Взгляды Шультце как совершенно основательные рано или поздно должны сделаться научной истиной, войти в круг непреложных исторических убеждений. Это едва ли может подлежать какому–либо сомнению. А в таком случае в результате окажется, что наука после долгих и напрасных усилий — которые могли бы быть с большей пользой потрачены на что–либо лучшее — понять христианский образ Константина несообразно с исторической действительностью возвратится вспять, возвратится к тем представлениям о первом христианском императоре, которые изложены в IV в. церковным историком Евсевием Кесарийским.
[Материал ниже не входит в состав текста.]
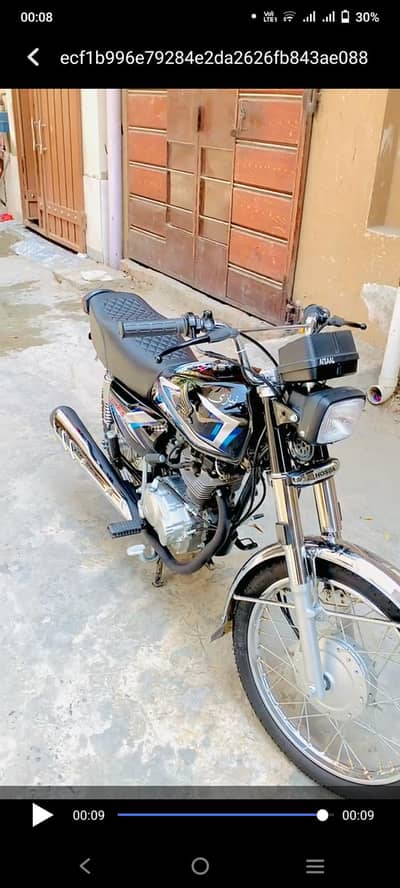 HONDA 125 Black Colur  Rs . 180 Final h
К сожалению, нередко и так бывает… Шультце, таким образом, одновременно достигает двух целей. С одной стороны, он восстанавливает подлинный исторический образ Константина, а с другой — дает возможность правильнее оценить исторический авторитет Евсевия. И эта вторая заслуга Шультце — не без значения. Ибо от того главным образом и происходит шатание мысли в современной протестантской исторической науке по вопросу о Константине, что не хотят доверять свидетельствам и авторитету Евсевия. Перестанут унижать Евсевия, — и вопрос о Константине из запутанного и темного станет простым и легким. К счастью для друзей истины, в последнее время в немецкой, этой передовой научной литературе, стало мало–помалу исчезать недоверие к Евсевию. Кроме Шультце, для которого авторитет Евсевия стоит высоко, о Евсевии с большим уважением отзывается известный немецкий историк Ранке (Weltgeschichte. Leipz., 1883.2 Abtheil. Bd. IV. S. 249–263); о том же Евсевии с чувством глубокой благодарности и признательности пишет Гельцер в своем большом и капитальном сочинении о Юлии Африкане (в особенности во втором томе, изданном в 1885 г.).